Cornelia van Nijenroode (c. 1629 – c. 1692) was a Dutch merchant in the Dutch East Indies, famous for her conflict with her second husband.

== Life ==
Van Nijenroode was born in Hirado, Japan, to Cornelis van Nijenroode (d. 1633), the manager of the Dutch trade station at Hirado, and his Japanese concubine Surishia. She was married in 1652 in Batavia to Pieter Cnoll (d. 1672), manager of trade in Batavia, and in 1676 in Batavia to Johan Bitter (1638–1714), councilor of the legal court of Batavia.

She was taken to Batavia with her sister Hester after the death of their father, despite the fact that their mother was still alive, to receive a Christian education.

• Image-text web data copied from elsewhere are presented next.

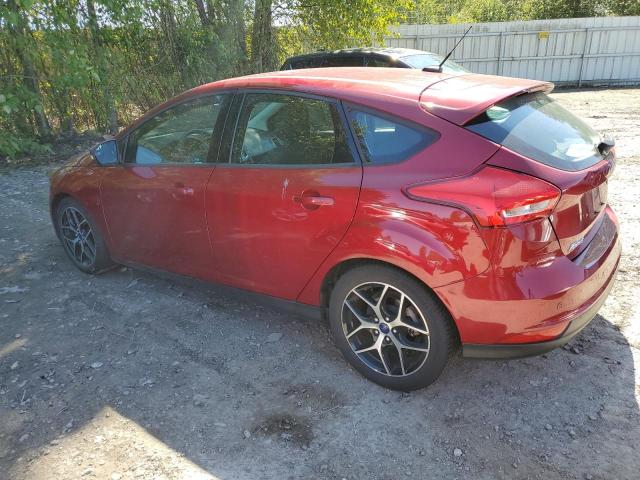 2017 Ford Focus Sel VIN: 1FADP3M21HL206762 Lot: 54081504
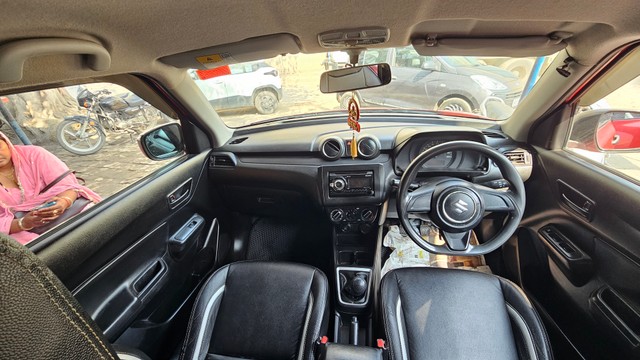 Second-hand 2018 Maruti Suzuki Swift LDI for sale in Hisar-1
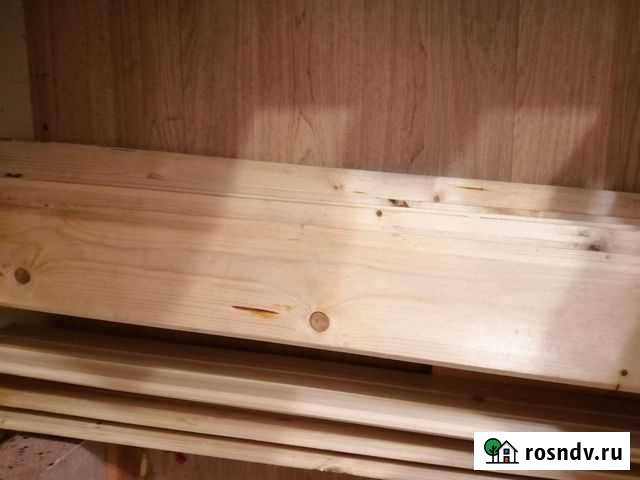 Вагонка сосна Великие Луки - изображение 1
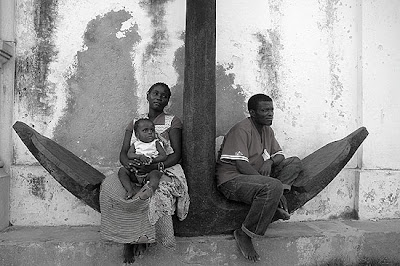 Ilha de Moçambique, Janeiro de 2010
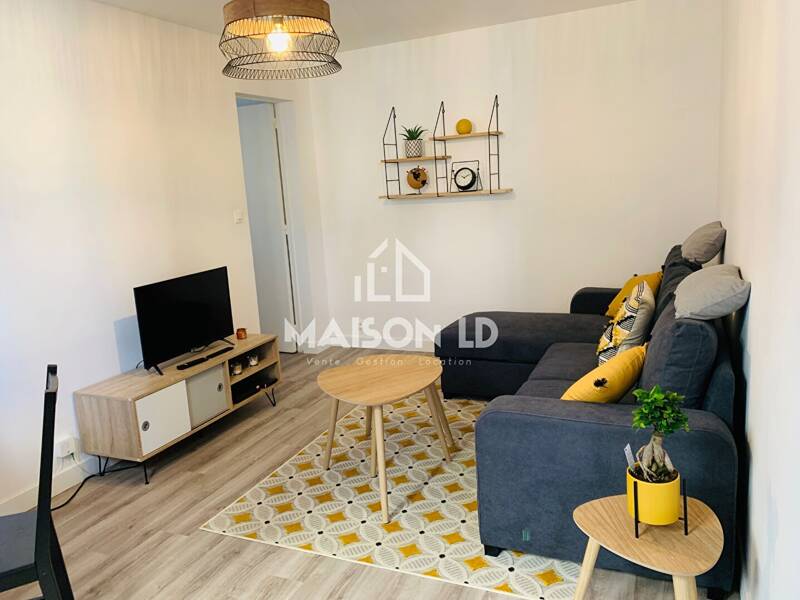 Maison à louer, 45m², CAEN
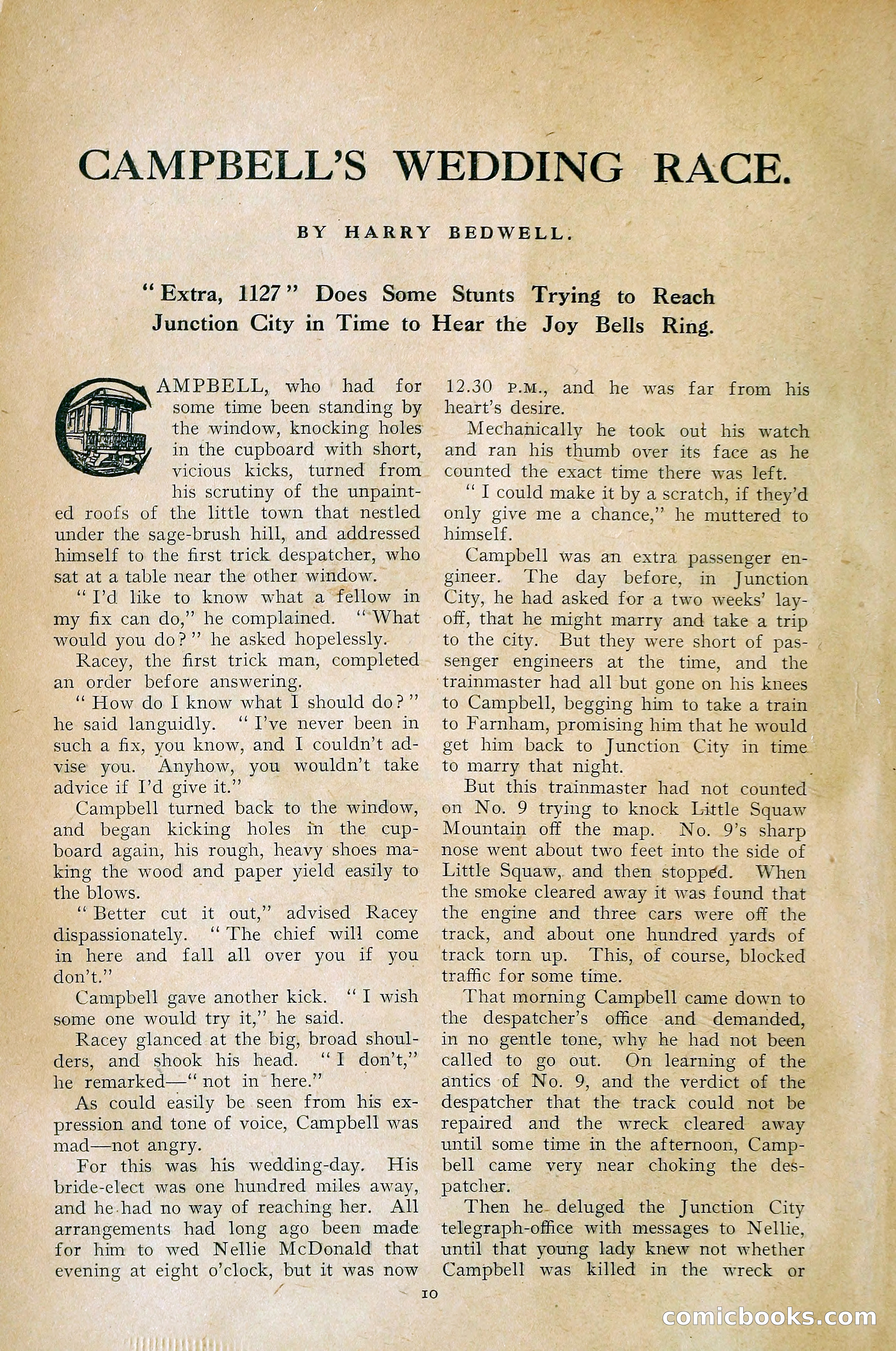 Railroad Man's Magazine — page 27 of 394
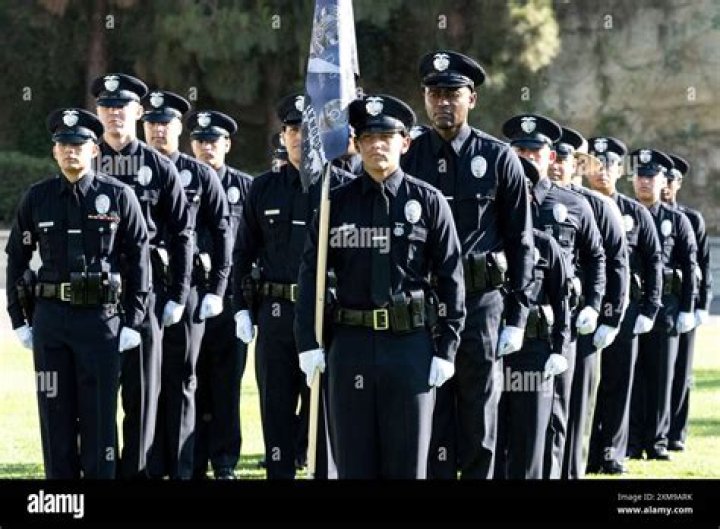 Police Officer #3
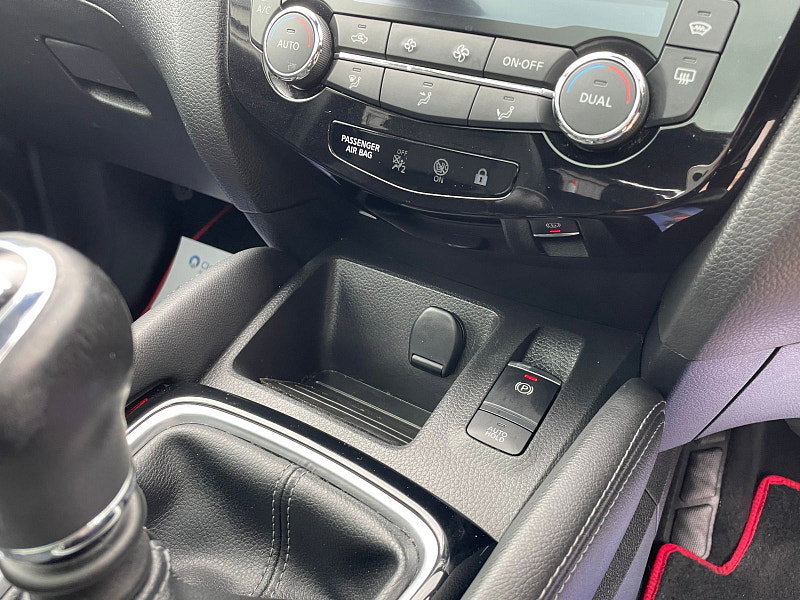 Nissan Qashqai 1.5 dCi Tekna SUV 5dr Diesel Manual Euro 6 (s/s) (115 ps) 27k From New, 5 Services 5dr Manual 2026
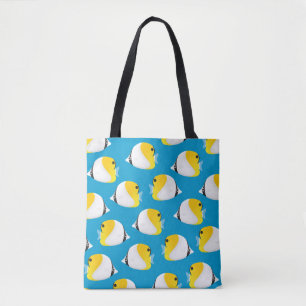 Butterflyvis Tote Bag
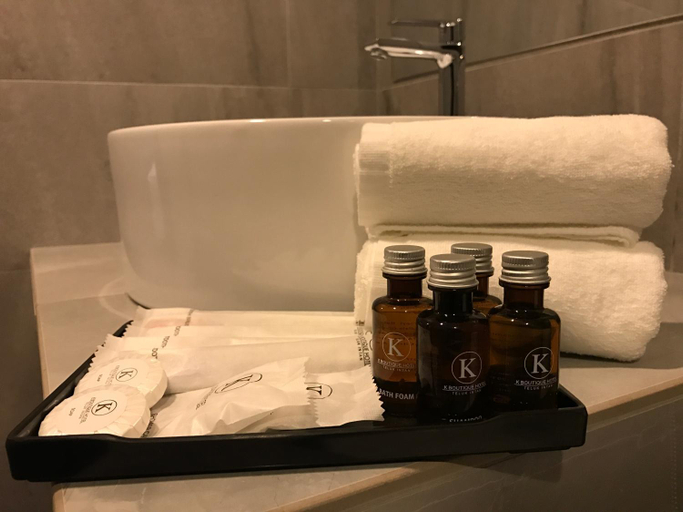 Others 3, K Boutique Hotel, Hilir Perak
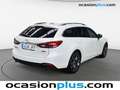 Mazda 6 W. 2.2DE Luxury (Navi) 110kW Blanc - thumbnail 3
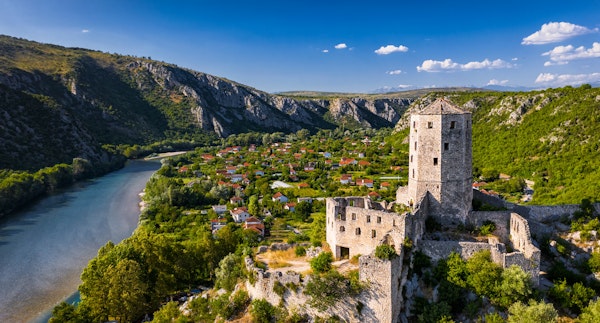 Bosnia and Herzegovina - hidden gem of the Balkans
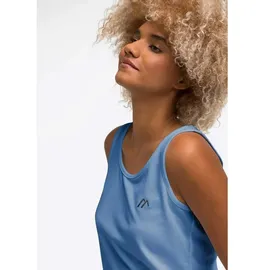 Maier Sports Petra ärmelloses T-shirt - San Francisco Bay - M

At the death of her first husband, she had become a successful and wealthy merchant. Through her unhappy second marriage, she lost the right to manage her own property and business to her spouse, who wished to control her finances, which caused a severe conflict. Johan Bitter returned to the Netherlands in 1680, but returned as a councilor of the legal court in 1683, and their conflict over the control of her fortune caused such a public scandal that they were both exiled from the colony by the governor Johannes Camphuys in 1688. In the Netherlands, the court rules that she must hand over her property to her husband, but, as her fortune was not accounted for, the matter was still unresolved at her death.

Van Nijenroode died around 1692.

==Legacy==
She has been referred to as a typical example of the independent Eurasian women of the Dutch colonial empire.

She is the subject of Leonard Blussé's Bitter Bonds: A Colonial Divorce Drama of the Seventeenth Century.